Litigation is the State-sponsored method of disputes resolution, which is every citizen's right. It involves trial in pubic by judges drawn exclusively from the legal profession. Trials are conducted in accordance with a voluminous set of rules, known in England and Wales for instance as the Civil Procedure. Unless appearing as a litigant in person, which is generally not recommended, a party needs to be represented in court by a barrister and a solicitor, which contributes to the cost. A failure to defend an action in court usually results in the Claimant obtaining judgement in default, whether or not such a result is merited on the facts.
Arbitration is an alternative to litigation where the parties agree to arbitration.
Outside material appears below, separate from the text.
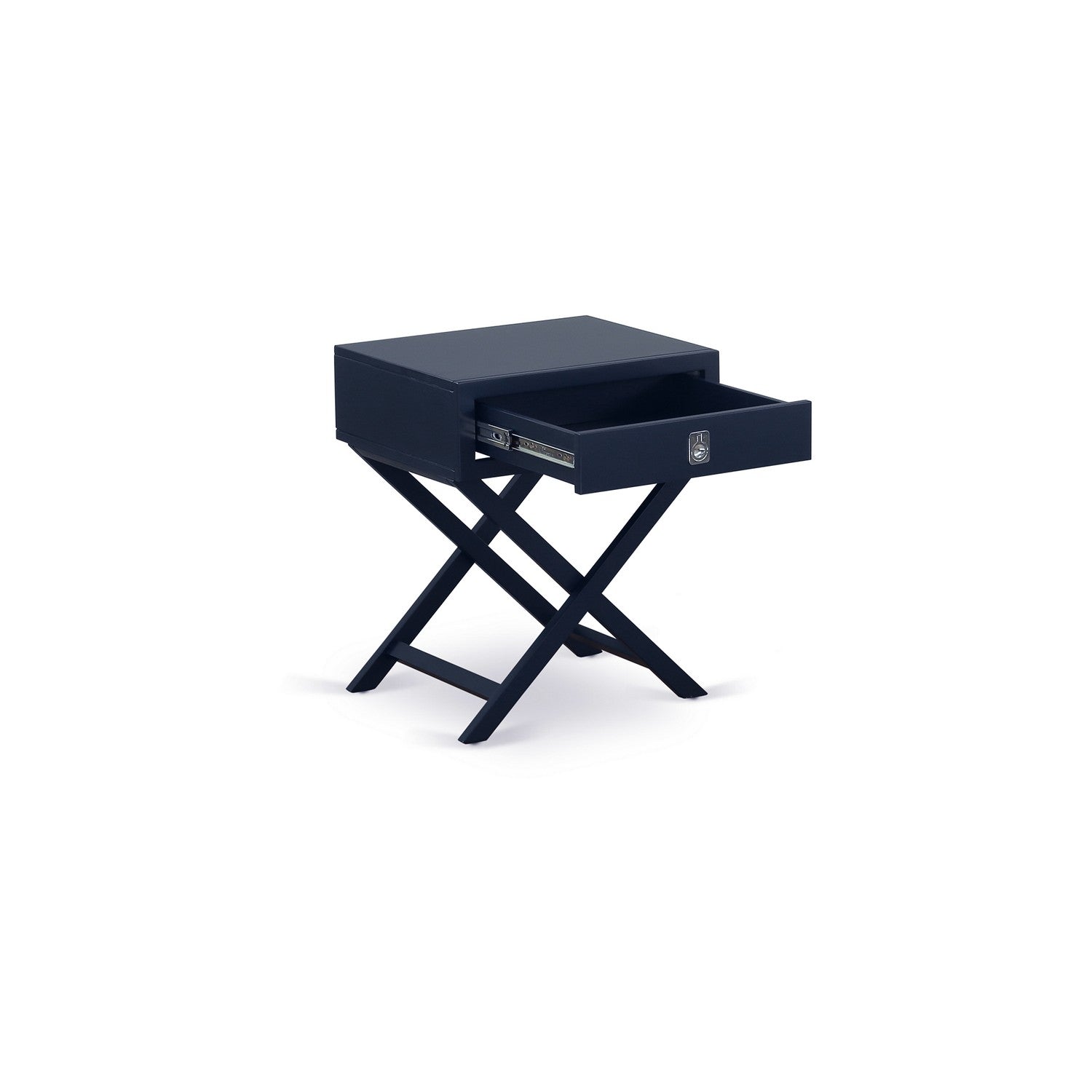 FN11Q-2HA15 3-Piece Fannin Wooden Set for Bedroom with 1 Platform Bed Frame and 2 Modern Nightstands - Reliable and Sturdy Construction - Denim Blue Linen Fabric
Such agreement to arbitrate any disputes arising usually needs to be in writing, as is the case in England, Wales and Northern Ireland under the Arbitration Act 1996, in Scotland under the Arbitration (Scotland) Act 2010 and in the Republic of Ireland under the Arbitration Act 2010. Such written agreements oust the jurisdiction of the national courts to decide the substantive issues in dispute, although the national courts still retain a supervisory role in respect of procedure and the enforcement of the arbitrator's Award.
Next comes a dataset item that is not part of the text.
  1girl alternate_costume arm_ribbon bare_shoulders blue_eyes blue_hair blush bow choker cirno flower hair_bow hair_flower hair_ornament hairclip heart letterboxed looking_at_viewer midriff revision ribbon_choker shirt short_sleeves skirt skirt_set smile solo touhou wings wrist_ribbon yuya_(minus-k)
Arbitration differs from litigation in that there is no requirement for parties to employ barristers and solicitors, although they frequently do in high value cases. In arbitration the parties are free to choose their tribunal on the basis of appropriate technical expertise in the subject matter of the dispute, if the parties so desire, and can agree the composition of the tribunal. Arbitration proceedings are held in private, which many participants see as a benefit over the publicity that litigation sometimes attracts. Also, within the usually limited procedural constraints of national Arbitration Acts, the parties and the tribunal are generally at liberty to adopt bespoke procedures that best meet the needs of their case. Arbitration also has the potential to be quicker and less costly than litigation. However, achieving this rather depends on the pro-activity and diligence of the tribunal, and the avoidance of procedures that merely mimic litigation. In international disputes, arbitration awards have a distinct advantage over national court judgements, in that they are enforceable internationally, at least in theory, if not always in practice, in the national courts of any country that is a signatory to the New York Convention 1958, which currently encompasses virtually all countries of the commercially developed world.